Cs = sgd_hist(chi2_batch, C0, alpha, 100)
%timeit -r1 Cs = sgd_hist(chi2_batch, C0, alpha, 100)

print("Optimized coefficients:", Cs[-1])
print("True coefficients:",      groundtruth)
print("Mean Squared Error:",     np.mean((groundtruth - Cs[-1])**2))

273 ms ± 0 ns per loop (mean ± std. dev. of 1 run, 1 loop each)
Optimized coefficients: [ 1.2378803  -3.027601   -0.02568167  1.0471059  -0.64071167  1.9912279
 -0.7686565 ]
True coefficients: [ 1.2 -3.   0.5  1.  -1.8  2.  -0.1]
Mean Squared Error: 0.29598352

mkplot(Xdata, Ydata, Ytrue, Cs, 10)

../_images/9cd584268010a9086f814aa54a865142aa0aeee5f26827b663e8a5b4a4f21e39.png

The Adam Optimizer#

The Adam optimizer (short for Adaptive Moment Estimation) is a popular optimization algorithm that combines features of both momentum and adaptive learning rates. Introduced in the paper “Adam: A Method for Stochastic Optimization” by Kingma and Ba, Adam has since become one of the most widely used optimizers in machine learning and deep learning. Its efficiency, robustness, and ease of use make it particularly suited for training large neural networks and handling high-dimensional parameter spaces.

Adam builds on two primary ideas:

Momentum: Like momentum-based optimization methods, Adam incorporates a moving average of past gradients, which helps smooth the updates and accelerates convergence in directions with consistent gradients.
Adaptive Learning Rates: Adam adapts the learning rate for each parameter individually, based on the historical gradient information. This feature allows it to adjust step sizes dynamically, making it more effective on functions with non-uniform gradient scales.

By combining these elements, Adam achieves faster and more stable convergence than traditional stochastic gradient descent (SGD), especially for noisy and sparse data.

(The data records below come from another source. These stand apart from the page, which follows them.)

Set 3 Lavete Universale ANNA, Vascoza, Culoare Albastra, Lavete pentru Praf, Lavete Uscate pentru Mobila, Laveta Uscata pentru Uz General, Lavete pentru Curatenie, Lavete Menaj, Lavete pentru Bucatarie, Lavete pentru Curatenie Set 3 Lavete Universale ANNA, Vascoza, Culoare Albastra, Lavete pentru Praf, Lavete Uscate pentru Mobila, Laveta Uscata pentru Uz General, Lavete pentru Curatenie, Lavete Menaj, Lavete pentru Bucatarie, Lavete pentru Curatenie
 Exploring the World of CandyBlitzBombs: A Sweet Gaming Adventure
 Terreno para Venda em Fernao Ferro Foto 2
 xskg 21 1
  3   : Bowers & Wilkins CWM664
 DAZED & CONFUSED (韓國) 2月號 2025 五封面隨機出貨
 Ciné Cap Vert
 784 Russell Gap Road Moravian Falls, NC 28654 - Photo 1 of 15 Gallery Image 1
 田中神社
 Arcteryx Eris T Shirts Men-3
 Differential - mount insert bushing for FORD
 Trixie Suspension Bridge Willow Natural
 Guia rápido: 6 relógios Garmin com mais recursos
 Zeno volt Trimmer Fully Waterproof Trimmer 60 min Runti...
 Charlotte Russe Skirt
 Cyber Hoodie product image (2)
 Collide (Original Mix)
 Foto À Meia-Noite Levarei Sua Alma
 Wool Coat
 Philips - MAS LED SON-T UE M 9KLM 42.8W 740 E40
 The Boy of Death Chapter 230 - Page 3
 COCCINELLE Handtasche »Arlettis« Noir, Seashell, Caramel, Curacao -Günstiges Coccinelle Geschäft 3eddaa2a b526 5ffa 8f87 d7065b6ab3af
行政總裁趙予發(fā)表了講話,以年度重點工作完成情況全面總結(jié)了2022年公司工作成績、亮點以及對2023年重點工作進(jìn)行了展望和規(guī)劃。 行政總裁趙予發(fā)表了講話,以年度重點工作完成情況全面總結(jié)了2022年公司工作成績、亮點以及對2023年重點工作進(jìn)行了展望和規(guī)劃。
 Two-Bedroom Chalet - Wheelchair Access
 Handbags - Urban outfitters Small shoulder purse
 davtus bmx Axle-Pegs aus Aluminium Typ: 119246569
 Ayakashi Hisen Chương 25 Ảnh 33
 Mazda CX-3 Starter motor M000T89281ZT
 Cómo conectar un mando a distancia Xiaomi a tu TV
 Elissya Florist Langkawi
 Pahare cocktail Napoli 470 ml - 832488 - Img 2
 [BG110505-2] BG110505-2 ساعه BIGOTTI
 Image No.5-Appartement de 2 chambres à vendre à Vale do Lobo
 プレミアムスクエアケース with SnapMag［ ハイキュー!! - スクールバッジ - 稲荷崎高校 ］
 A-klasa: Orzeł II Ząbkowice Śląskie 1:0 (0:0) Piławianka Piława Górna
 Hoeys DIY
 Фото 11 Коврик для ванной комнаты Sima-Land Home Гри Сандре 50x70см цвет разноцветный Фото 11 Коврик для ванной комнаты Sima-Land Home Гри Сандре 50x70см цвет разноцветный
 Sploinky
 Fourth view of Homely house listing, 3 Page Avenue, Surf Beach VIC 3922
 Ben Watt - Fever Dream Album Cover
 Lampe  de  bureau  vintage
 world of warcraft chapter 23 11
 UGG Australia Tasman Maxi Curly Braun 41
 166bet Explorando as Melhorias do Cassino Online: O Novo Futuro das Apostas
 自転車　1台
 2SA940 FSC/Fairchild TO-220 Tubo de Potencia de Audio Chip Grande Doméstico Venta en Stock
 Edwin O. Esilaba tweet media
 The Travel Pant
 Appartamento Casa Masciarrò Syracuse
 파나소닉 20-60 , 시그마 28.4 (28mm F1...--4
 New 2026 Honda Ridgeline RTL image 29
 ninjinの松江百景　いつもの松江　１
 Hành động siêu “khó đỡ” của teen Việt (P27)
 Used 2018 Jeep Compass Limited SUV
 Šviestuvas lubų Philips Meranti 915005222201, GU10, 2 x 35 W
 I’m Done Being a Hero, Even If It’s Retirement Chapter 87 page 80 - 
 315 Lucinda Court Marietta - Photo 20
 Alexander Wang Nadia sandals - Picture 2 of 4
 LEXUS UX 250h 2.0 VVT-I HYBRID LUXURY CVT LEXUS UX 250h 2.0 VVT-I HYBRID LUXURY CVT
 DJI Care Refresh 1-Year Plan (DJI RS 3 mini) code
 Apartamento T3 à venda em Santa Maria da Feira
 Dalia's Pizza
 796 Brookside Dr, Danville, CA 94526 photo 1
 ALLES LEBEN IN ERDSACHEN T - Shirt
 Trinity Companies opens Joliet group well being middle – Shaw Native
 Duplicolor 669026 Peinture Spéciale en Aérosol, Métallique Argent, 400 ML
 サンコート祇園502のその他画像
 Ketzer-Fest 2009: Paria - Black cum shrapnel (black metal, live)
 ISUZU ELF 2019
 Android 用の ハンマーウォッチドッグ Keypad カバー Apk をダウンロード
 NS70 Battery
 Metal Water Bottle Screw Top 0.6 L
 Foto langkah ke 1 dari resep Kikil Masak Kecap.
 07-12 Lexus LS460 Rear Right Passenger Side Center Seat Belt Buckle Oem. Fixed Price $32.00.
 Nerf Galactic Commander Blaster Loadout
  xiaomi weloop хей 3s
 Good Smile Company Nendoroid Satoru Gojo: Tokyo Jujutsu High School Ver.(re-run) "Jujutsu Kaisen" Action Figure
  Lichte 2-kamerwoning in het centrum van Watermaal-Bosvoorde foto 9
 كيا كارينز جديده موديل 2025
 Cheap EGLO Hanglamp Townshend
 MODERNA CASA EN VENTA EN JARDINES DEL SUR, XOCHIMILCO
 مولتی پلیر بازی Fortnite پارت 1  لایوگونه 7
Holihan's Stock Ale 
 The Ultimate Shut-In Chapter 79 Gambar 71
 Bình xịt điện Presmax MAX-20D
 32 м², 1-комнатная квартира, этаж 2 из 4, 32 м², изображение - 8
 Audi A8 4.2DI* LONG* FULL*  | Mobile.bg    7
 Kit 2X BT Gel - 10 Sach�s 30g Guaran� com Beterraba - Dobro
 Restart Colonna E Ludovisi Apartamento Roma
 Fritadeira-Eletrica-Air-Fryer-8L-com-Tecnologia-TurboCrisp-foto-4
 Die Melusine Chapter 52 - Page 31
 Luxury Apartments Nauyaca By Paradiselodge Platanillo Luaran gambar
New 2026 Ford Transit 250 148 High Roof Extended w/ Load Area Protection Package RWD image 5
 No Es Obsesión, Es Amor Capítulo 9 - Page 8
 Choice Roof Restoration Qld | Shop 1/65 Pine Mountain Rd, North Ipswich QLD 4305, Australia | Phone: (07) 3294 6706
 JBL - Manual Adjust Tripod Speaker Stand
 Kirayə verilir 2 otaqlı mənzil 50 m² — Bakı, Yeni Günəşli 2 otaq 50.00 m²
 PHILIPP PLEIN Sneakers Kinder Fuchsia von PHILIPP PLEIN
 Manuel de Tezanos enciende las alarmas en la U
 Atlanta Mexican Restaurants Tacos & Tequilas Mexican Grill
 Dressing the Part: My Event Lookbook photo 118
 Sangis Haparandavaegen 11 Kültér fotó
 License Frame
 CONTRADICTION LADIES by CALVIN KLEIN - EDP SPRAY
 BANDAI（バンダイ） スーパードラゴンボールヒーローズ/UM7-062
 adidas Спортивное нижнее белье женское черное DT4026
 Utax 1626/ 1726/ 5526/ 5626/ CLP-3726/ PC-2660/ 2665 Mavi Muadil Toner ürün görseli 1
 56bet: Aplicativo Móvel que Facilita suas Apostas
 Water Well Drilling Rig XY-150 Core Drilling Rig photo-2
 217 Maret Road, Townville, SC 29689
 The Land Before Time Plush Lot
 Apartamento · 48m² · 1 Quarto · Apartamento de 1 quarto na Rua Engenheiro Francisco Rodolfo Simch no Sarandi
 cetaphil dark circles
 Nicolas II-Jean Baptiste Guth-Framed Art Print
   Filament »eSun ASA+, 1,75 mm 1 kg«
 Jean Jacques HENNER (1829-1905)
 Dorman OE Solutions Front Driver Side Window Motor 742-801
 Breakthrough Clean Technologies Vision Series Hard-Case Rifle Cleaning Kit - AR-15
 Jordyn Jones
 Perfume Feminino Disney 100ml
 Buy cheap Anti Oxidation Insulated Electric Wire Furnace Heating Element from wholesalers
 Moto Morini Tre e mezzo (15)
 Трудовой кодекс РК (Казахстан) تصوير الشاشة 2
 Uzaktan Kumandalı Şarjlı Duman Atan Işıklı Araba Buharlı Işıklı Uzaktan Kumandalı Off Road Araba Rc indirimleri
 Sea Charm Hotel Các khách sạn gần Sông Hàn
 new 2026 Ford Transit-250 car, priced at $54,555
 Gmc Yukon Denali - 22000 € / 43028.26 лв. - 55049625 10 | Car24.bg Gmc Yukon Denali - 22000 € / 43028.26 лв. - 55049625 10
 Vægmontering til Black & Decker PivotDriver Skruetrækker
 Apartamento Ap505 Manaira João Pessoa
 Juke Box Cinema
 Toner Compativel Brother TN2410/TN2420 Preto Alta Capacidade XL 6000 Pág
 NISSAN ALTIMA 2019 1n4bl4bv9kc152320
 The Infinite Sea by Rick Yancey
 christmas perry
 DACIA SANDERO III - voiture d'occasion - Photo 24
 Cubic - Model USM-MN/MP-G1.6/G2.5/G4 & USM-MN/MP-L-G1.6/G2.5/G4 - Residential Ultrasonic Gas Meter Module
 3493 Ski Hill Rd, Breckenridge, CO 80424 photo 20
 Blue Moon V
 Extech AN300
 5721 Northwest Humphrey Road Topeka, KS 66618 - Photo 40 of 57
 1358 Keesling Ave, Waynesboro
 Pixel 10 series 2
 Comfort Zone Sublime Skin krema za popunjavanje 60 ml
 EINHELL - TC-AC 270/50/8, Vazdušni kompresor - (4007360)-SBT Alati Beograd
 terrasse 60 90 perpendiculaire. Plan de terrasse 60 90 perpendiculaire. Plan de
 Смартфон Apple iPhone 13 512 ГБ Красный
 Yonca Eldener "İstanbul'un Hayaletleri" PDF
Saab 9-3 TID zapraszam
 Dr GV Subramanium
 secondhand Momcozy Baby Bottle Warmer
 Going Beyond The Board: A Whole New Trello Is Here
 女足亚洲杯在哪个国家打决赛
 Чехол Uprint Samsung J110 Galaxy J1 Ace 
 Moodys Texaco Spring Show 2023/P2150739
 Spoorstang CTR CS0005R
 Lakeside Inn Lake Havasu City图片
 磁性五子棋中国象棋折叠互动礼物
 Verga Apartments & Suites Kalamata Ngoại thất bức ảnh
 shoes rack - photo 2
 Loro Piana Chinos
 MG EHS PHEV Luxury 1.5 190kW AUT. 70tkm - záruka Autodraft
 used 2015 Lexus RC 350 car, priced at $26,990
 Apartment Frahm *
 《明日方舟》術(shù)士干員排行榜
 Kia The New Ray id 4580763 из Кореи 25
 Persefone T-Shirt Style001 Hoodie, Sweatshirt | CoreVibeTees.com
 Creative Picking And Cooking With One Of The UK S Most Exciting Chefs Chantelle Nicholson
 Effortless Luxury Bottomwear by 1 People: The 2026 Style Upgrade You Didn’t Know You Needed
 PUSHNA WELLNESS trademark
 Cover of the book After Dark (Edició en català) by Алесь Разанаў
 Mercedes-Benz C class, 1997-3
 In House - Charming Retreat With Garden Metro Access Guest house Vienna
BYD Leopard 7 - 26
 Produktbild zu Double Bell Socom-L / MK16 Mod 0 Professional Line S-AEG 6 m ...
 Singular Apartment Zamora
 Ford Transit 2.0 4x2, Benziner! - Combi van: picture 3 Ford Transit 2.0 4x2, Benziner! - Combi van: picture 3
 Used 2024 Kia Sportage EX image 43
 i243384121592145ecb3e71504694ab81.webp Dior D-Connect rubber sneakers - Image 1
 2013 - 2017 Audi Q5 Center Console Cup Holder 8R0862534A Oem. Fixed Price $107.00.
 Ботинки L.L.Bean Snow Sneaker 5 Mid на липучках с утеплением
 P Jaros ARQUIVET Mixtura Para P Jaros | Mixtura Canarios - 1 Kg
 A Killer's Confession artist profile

The Adam optimizer maintains two moving averages for each parameter:

First moment (\(m\)): This tracks the average of the gradients, effectively capturing the direction and smoothing the gradient signal.
Second moment (\(v\)): This tracks the average of the squared gradients, allowing the algorithm to adapt the learning rate based on the variance of gradients.

At each iteration \(t\), Adam performs the following updates:

Compute the Gradients: Calculate the gradient \(g_t\) at the current step.
Update the First Moment (Mean of Gradients):

(200)#\[\begin{align} m_t = \beta_1 m_{t-1} + (1 - \beta_1) g_t \end{align}\]
Update the Second Moment (Mean of Squared Gradients):

(201)#\[\begin{align} v_t = \beta_2 v_{t-1} + (1 - \beta_2) g_t^2 \end{align}\]
Bias Correction: To account for initialization bias in the first few steps, Adam applies bias correction to both \(m_t\) and \(v_t\):

(202)#\[\begin{align} \hat{m}_t &= \frac{m_t}{1 - \beta_1^t} \\ \hat{v}_t &= \frac{v_t}{1 - \beta_2^t} \end{align}\]
Parameter Update:

(203)#\[\begin{align} x_{t+1} = x_t - \frac{\alpha}{\sqrt{\hat{v}_t} + \epsilon} \hat{m}_t \end{align}\]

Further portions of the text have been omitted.